I work with the researchers, and I think they'll be interested in knowing which version of the problem practitioners like yourself are most interested in. Do you ever add/remove edges, perhaps in bulk? Or do are you mostly interested in finding "best possible" layouts for static datasets?
Practical edge crossing minimization for large graphs (e.g. a billion nodes) is a really hard problem.
An alternative formulations that's seen some use in graph drawing & circuit design software is to describe the embedding problem as an optimization problem: find an assignment of coordinates to nodes such that the edges (line segments) don't cross.
It turns out that estimating a lower-bound on the # of edge crossings of an embedded graph is equivalent to solving an SVM-type problem, and one can characterize the optimal layout as the solution to a nonlinear optimization problem. What's typically done, though, is to alternate between finding the bound for a fixed embedding & optimizing the embedding with something like gradient descent.
It gets a bit more confusing once you realize ic netlists are hypergraphs, and edges correspond to sets of nodes, (e.g. the "embedding" of an edge of a set of nodes is sometimes modeled as a rectilinear steiner tree).
For edge crossing/congestion minimization, the authors are Shabeer "Edge crossing minimization", Spindler "Congestion driven placement/RUDY", RePlace for a sota academic force-directed placement algorithm.
I don't work on placement problems, though part of my work provides input for the placement problem (produce an optimized logic netlist that then has to be placed and routed). But if I can suggest something in the same ballpark: imagine that you have a large graph and you want to partition it into a small number of partitions (say, 4 to 10) of similar size. You want each partition to be a planar graph, and you want the number of interconnects between these graphs to be minimal.
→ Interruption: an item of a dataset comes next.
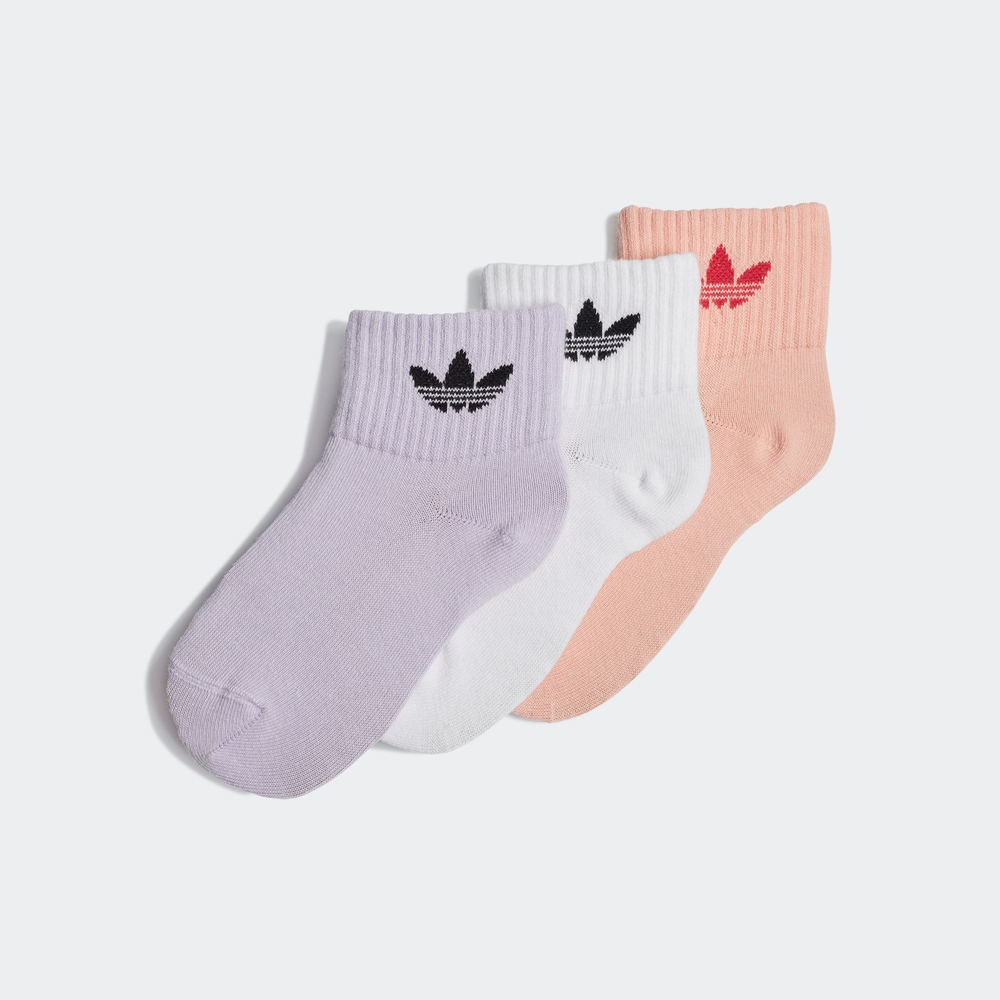 adidas阿迪达斯官网三叶草男女小童经典运动袜子GD3130 GD3131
The graphs would correspond to metal layers on an ASIC. There's a lot of fuzziness in the way I stated it; to make it more rigorous a suitable cost function would need to be defined.
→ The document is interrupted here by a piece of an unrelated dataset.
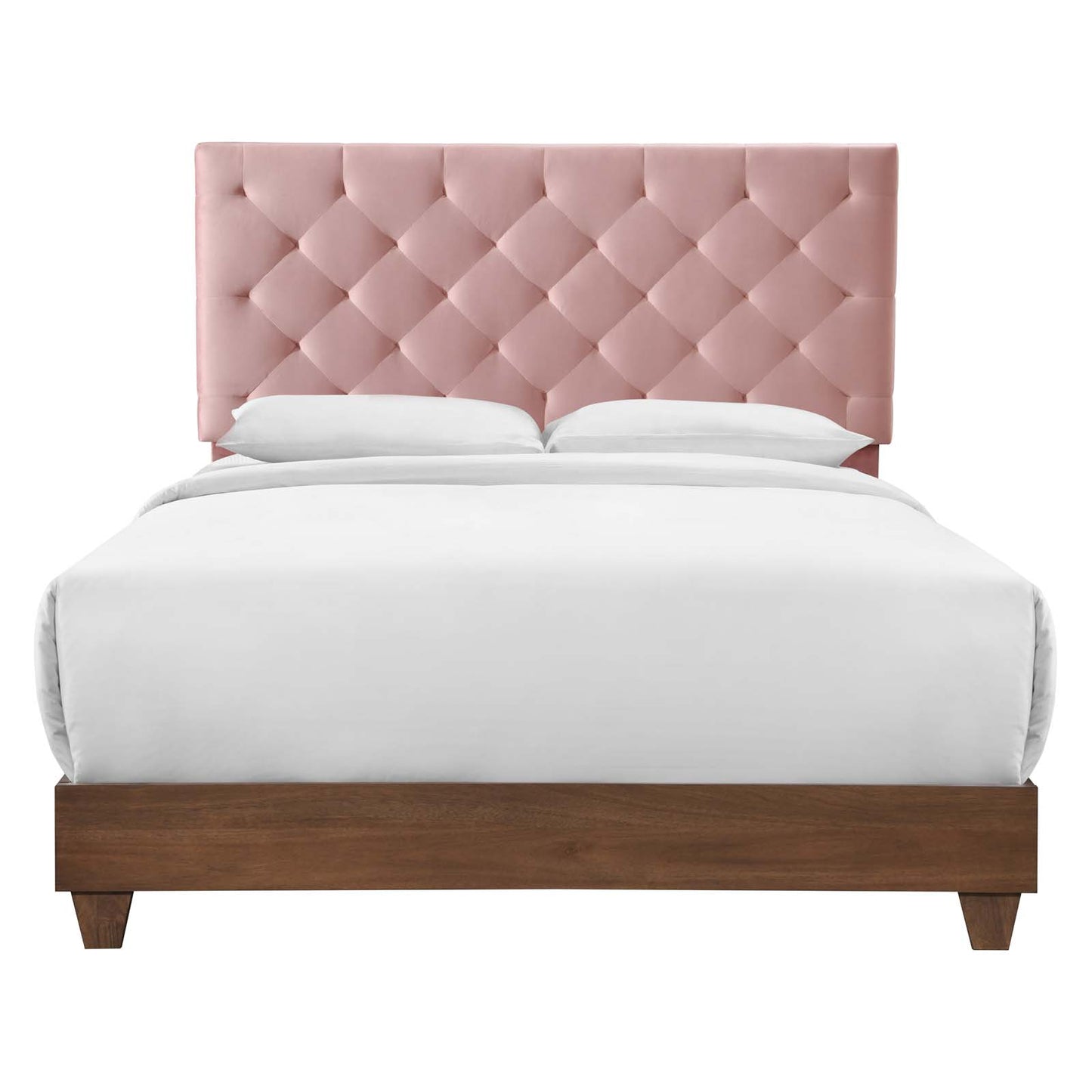 Rhiannon Diamond Tufted Upholstered Performance Velvet Queen Bed by Modway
Someone correct me, but I think hMetis is one popular software/algorithm for multi-level graph/hypergraph partitioning. There is also KaHyPar which is a bit more academic.
I'm not current on this stuff at all, but I think planarity mattered more in the Mead-Conway era than today. Modern chips have lots of separate metallization layers so you can avoid crossings. Vias aren't free, but they exist so you can use them.